あなたが居ないという事実を、直視することが、何故か恐ろしかったのです。
嗚呼、どうか。
この花畑が、あの世のあなたにも届きますように。
『花畑』
あなたとした約束は、随分と儚い物のようで。
しっかりと絡ませた小指の温もりは、影も形もなく消えてしまっていました。
いつものただいまの四文字も、今や、冷えた空っぽの部屋に虚しく響くだけなのです。
休日はいつだってあなたが起こしてくれた。
昼まで寝るなんてそんな堕落を許さないあなたは、眉間に皺を寄せて、しかしホッとする笑みを浮かべて、私の身体を揺すってくれました。
今は、私の睡眠を妨げる者は居ません。
あなたの名前が刻まれた石の塊は、残酷なほど冷たくて。
もう一度、あなたの声を聞きたいと通い詰める私を嘲笑うかのように、沈黙を貫いていました。
雨がしとしとと、墓石へと降り注ぐ。
まるで、涙一つ流すことが出来ない私の代わりに、空が泣いているようでした。
『空が泣く』
決して、自分から送ることはありません。
私は、追いかけるよりも、追いかけられたい質なのです。
あなたがその頭を私でいっぱいにして、その想いを溢れされる時を、私は待っているのです。

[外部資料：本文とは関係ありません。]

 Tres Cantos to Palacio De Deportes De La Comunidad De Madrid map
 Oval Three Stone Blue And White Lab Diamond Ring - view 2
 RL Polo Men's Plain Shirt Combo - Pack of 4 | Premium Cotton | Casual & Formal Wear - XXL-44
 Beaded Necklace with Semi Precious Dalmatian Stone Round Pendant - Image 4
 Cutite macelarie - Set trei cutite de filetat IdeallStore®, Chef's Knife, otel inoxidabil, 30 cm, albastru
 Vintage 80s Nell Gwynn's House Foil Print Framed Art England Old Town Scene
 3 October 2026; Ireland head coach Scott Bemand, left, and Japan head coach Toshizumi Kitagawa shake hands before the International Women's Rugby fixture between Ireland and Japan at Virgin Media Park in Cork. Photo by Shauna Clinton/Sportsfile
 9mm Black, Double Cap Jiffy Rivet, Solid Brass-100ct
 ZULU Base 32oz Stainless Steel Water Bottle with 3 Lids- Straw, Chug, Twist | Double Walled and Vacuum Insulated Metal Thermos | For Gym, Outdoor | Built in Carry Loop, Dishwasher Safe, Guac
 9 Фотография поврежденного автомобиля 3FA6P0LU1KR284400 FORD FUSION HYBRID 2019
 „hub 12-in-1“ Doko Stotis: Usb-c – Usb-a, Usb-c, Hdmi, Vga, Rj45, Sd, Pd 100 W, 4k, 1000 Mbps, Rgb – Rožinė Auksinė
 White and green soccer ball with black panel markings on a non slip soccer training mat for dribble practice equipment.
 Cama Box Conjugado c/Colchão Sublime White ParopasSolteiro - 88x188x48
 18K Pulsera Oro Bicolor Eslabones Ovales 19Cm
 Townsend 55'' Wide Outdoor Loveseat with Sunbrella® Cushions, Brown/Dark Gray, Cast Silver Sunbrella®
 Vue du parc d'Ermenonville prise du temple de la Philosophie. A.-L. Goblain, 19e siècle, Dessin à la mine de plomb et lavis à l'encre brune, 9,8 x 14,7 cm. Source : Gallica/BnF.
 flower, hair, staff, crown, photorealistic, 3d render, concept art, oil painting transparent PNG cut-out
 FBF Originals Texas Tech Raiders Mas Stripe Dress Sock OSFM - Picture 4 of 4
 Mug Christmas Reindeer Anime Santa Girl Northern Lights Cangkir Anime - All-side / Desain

スマートフォンが振動する度に、私は満足してほくそ笑むのです。
『君からのLINE』
親を殺されました。
なので、私は親を殺した畜生に、復讐しようと思います。
幼い頃からずっと、復讐だけを考えて、復讐に全てを捧げ、復讐のために生きている、つまらない人生でした。
その気持ちは、この命が燃え尽きるまで、揺るぐことはないでしょう。